There are a few issues with this. First, the unemployment rate in Alberta has only fallen under 4.5% a handful of times in the last five years, most recently in October 2014 (it’s currently at 7.9%). Second, the best two-year GIC rates in the market are currently around 2.40%, equal to the full potential payout of the Choose Alberta GIC without any risk. That said, ATB is promising the GIC will be used to “support Alberta businesses, families and communities,” so if you’re keen to help your neighbours through low stakes gambling, this could be one to check out.
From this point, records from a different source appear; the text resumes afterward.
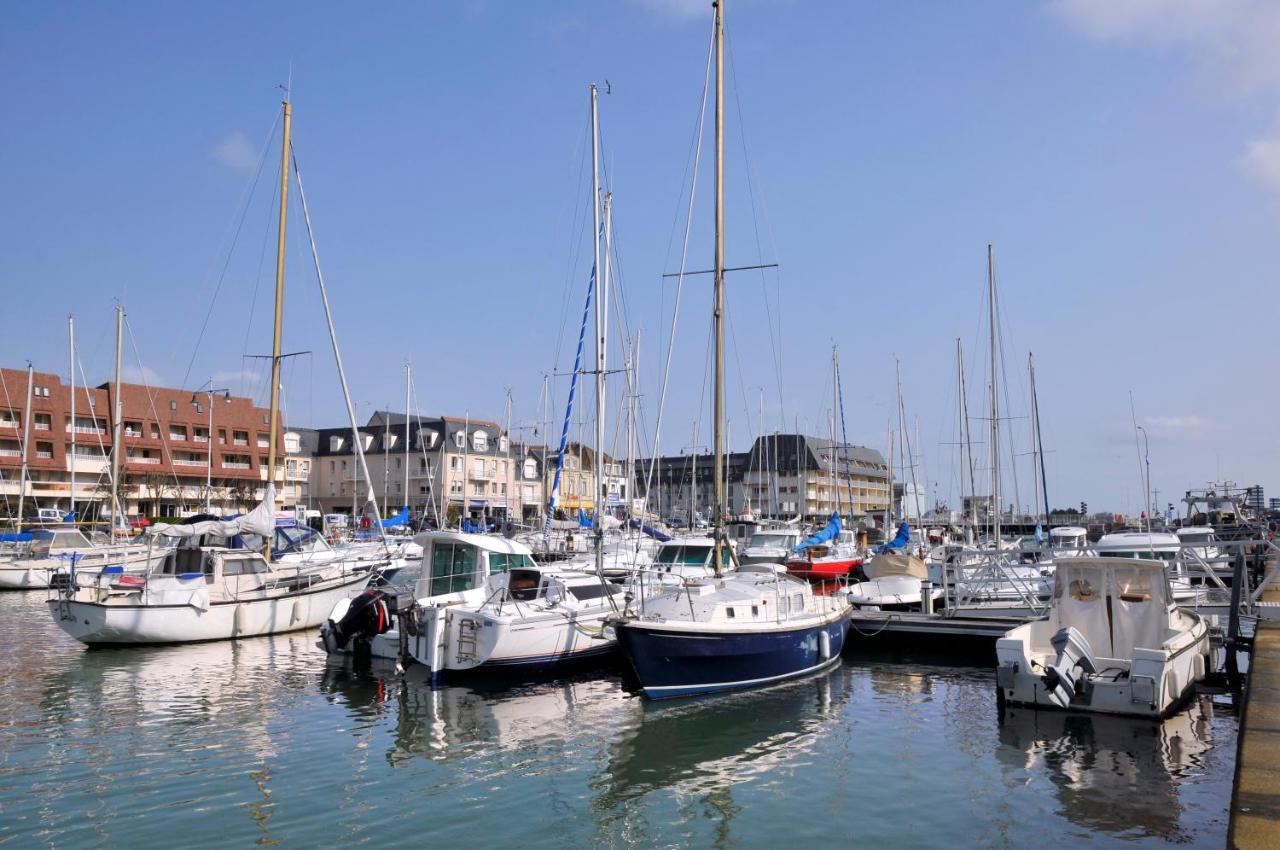 Triplex Avec Jardinet - Wifi - A 400M De La Plage Courseulles-sur-Mer Zewnętrze zdjęcie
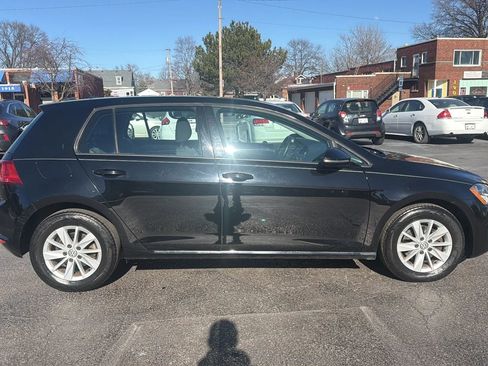 Used 2016 Volkswagen Golf S image 4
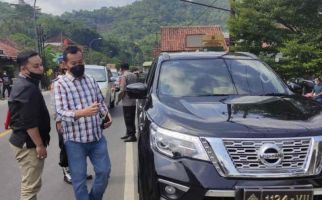 Mobil Berpelat Dinas Polisi Disetop di Pos Penyekatan, Setelah Diperiksa, Alamak - JPNN.com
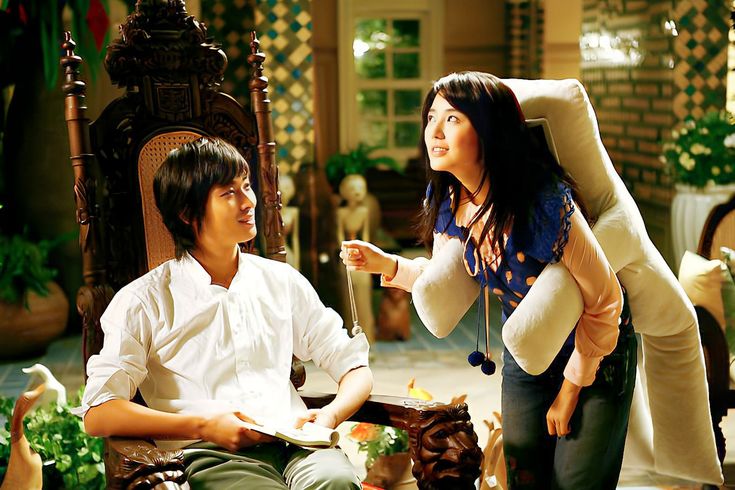 Joo Ji Hoon nổi tiếng với bộ phim “Hoàng cung“. Ảnh: Nhà sản xuất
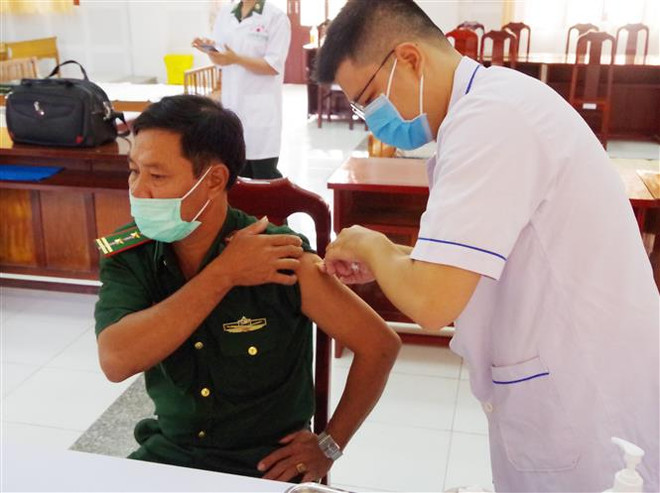 Không ghi nhận ca mắc mới COVID-19, thêm 455 người được tiêm vaccine ảnh 1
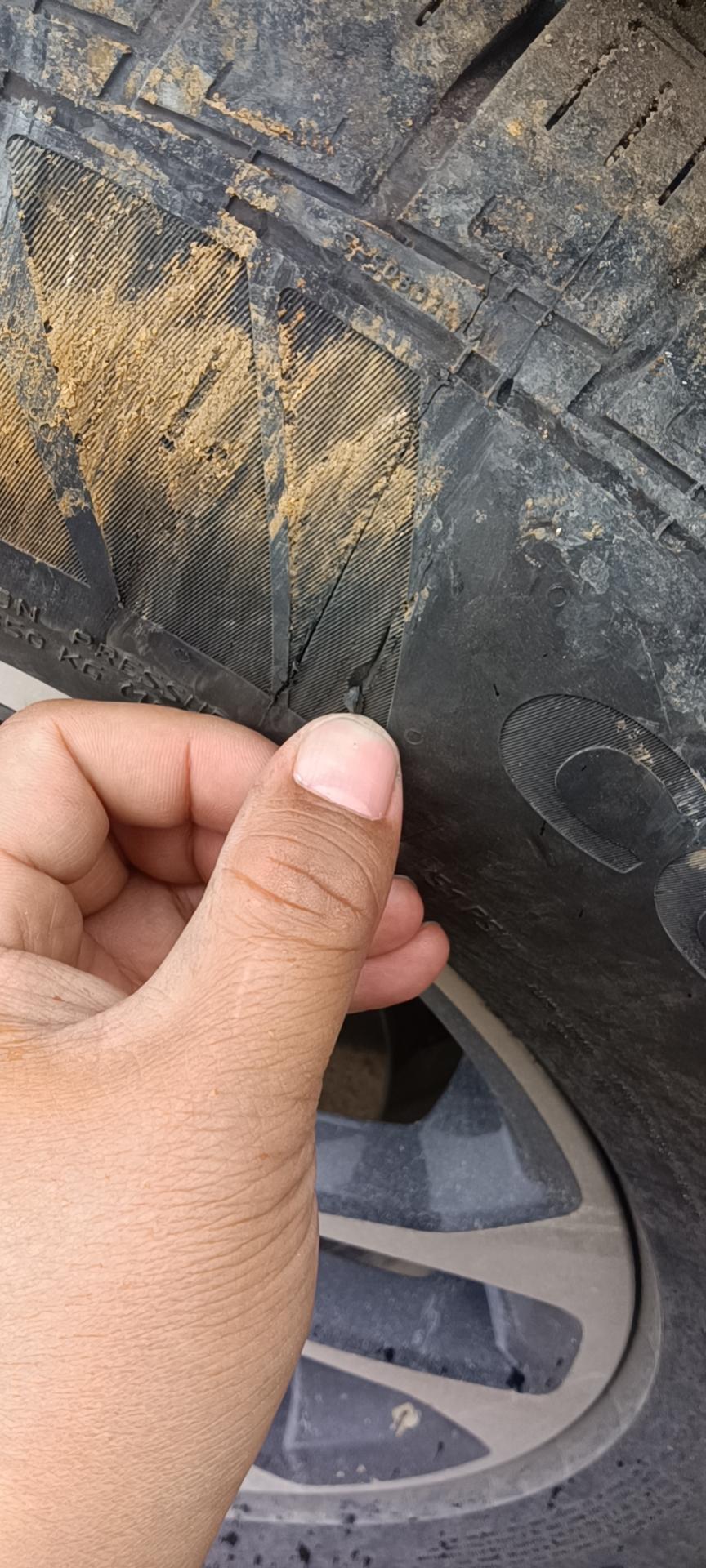 福特锐际 今天走烂吕把轮胎刮了，各位车友们看看用不用更换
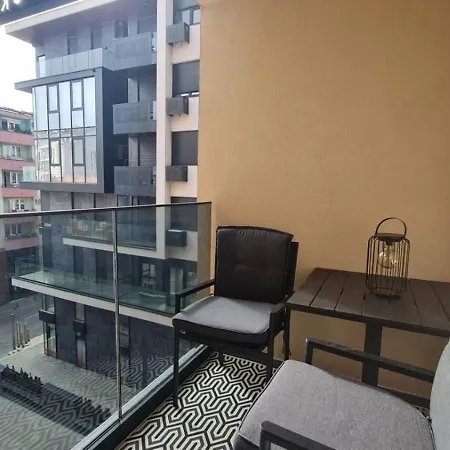 Lust Premium Iii Apartment Kragujevac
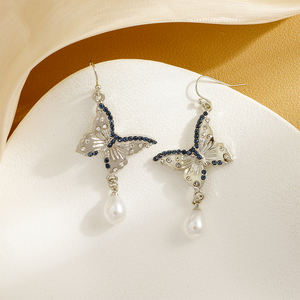 Encantadores pendientes <span class=keywords><strong>de</strong></span> gota <span class=keywords><strong>de</strong></span> mariposa chapados en plata <span class=keywords><strong>de</strong></span> aleación delicada, pendientes casuales diarios <span class=keywords><strong>de</strong></span> perlas <span class=keywords><strong>de</strong></span> cristal azul para mujeres jóvenes - Product Image 1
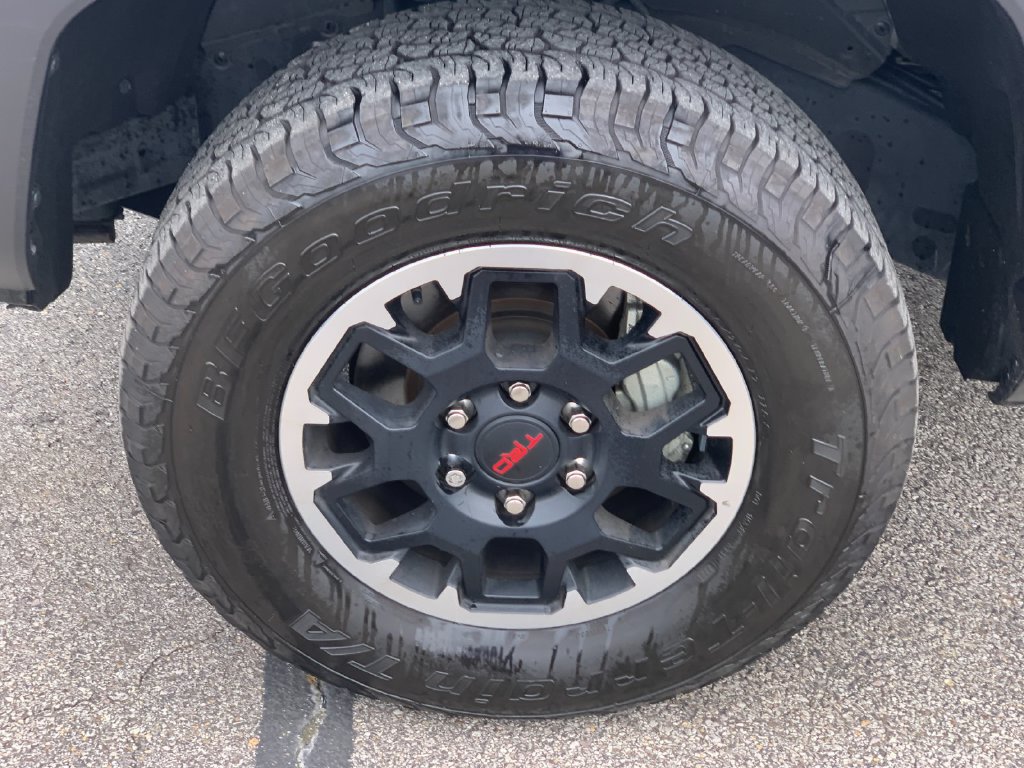 Used 2024 Toyota Tacoma TRD Off-Road AWD/4WD image 31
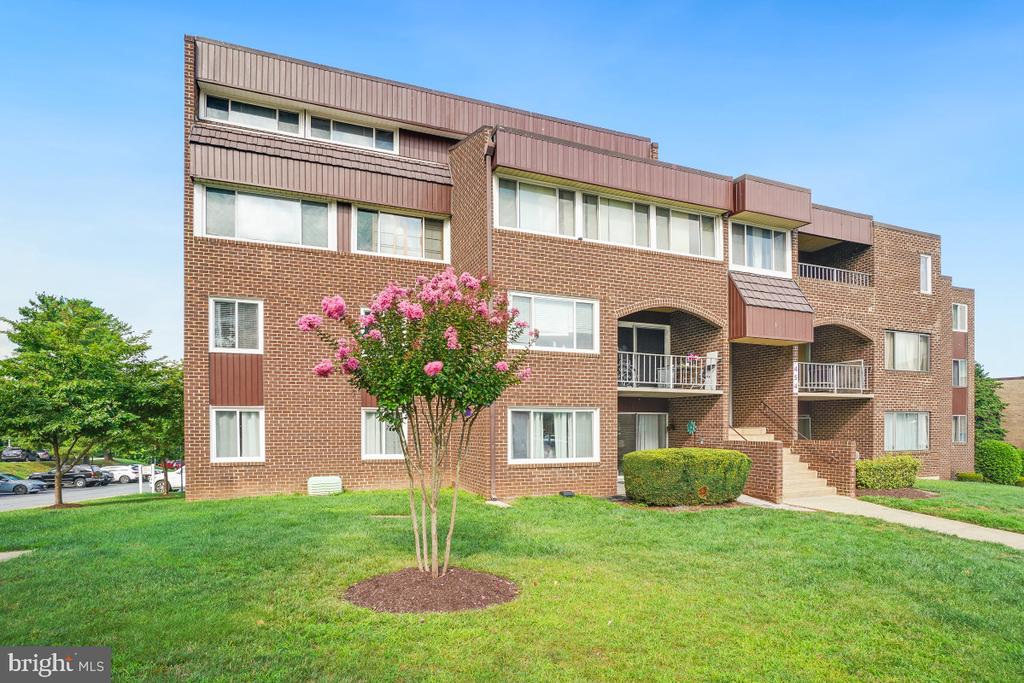 454 GIRARD STREET Unit: 373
Banks and insurance companies are the Canadian institutions that offer the best customer service, making up eight of the top 10 rated companies, according to a recent survey by J.D. Power. On the banking side RBC, TD, and Scotiabank made the top 10 (CIBC and BMO failed to make the top 20), as well as digital bank Tangerine and Alberta-based GIC innovator ATB Financial. Intact, State Farm, and The Co-operators represented insurance companies in the top 10, while the insurance category dominated the 11 to 20 spots as well. The only companies on the list that weren’t financial institutions happened to make the top two, however. Lexus and Napa Auto Parts took the #1 and #2 spots, respectively, so you can rest assured the people who are responsible for handling your money know there’s still room for improvement.
One of the promises the Liberals made during the election was an expansion to the Home Buyers’ Plan (HBP), the incentive that allows first-time homebuyers to withdraw up to $25,000 from their RRSP tax-free to buy a home. Currently, the HBP can be used by Canadians who haven’t owned any interest in a home in four years to buy or build a house for themselves or a relative with a disability. Not only has the value of the HBP been diminished by the changes to down payment rules–a couple buying together and withdrawing a combined $50,000 now only has a sufficient down payment for a $750,000 home, whereas the same down payment would have satisfied the minimum requirement for a $999,999 home this time last year–but the expansion promised by the Liberals during the election has yet to materialize. The proposed changes included opening up the program to people who move for work, and those who buy a home to accommodate an elderly relative, two situations that are becoming increasingly common. But it’s starting to look like this is an election promise that won’t be kept. Making it easier for people to empty out their retirement savings to fuel the flames of an unpredictable housing market probably won’t make the government’s list of things to do anytime soon.
Here’s one we missed last month. If you want to make a lot of money, you might want to become a judge. Or if you don’t want all the hassle of going to law school, you could just be a house in Vancouver. Aaron Hutchins at Maclean’s discovered that the average yearly house price increase of $193,000 in Vancouver out-earned pharmacists, university professors, and even aerospace engineers. In fact, judging is the only vocation whose professionals earned more on average than homes did. In Toronto, where the year-over-year increase was only $103,000 for house prices, you’re still better off being a dentist, but school principals, registered nurses, and investment managers are no longer better paid than single-family homes.